The international use of rhTSH to prepare thyroid cancer patients for high-dose 131I therapy of metastatic disease is growing. Given the small number of patients who die each year of thyroid cancer, it is unlikely that any federal agencies will support research analyzing the rhTSH preparation vs. THW preparation. Second, it is unlikely that any single center has sufficient patients to answer the many questions that have been raised. Therefore, it is time for leaders in the field to develop a set of guidelines regarding the appropriate use of this approach and design multicentered trials to quantify the safety and efficacy of rhTSH preparation in comparison to the traditional method of thyroid hormone withdrawal.

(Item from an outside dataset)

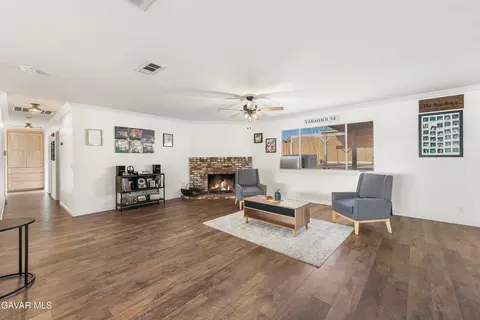 Living - 39443 E 162nd St, Palmdale, CA 93591 photo 4 of 5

Issues that need to be carefully addressed include:

  1. 1.

    What are the optimum rhTSH doses and schedules for rhTSH-assisted 131I therapy? Some studies utilize four 0.9-mg injections just prior to therapy, whereas others use only two.

  2. 2.

    Should strict low-iodine diets be routinely employed and should patients continue taking T4 immediately preceding the administration of 131I?

  3. 3.

    Uniform criteria should be established to define complete and partial responses, stability, and progression of disease. A consensus on this point among the leaders in the field would be valuable, as research on this approach moves forward.

  4. 4.

    It is clear that radioiodine clearance from blood and bodily tissues is not the same in the hypothyroid state when compared to the slightly hyperthyroid state. The differences between blood and lesional clearance should be more carefully defined so that investigators can agree whether to adjust the therapeutic administered activity of 131I. The use of 124I dosimetry with PET/CT scanning may enable the determination of the exact amount of radiation that can be delivered to a specific lesion.

  5. 5.

    Additional studies examining longer monitoring periods (5–10 years) will be necessary before concluding that rhTSH preparation is comparable to thyroid hormone withdrawal as an adjunct to radioiodine therapy in patients with distant metastases.

  6. 6.

    The incidence of adverse effects should be prospectively studied in a randomized controlled trial of rhTSH preparation vs. T4 withdrawal. The evidence that repeated episodes of prolonged serum TSH elevations may foster tumor progression is only referred to anecdotally in the literature.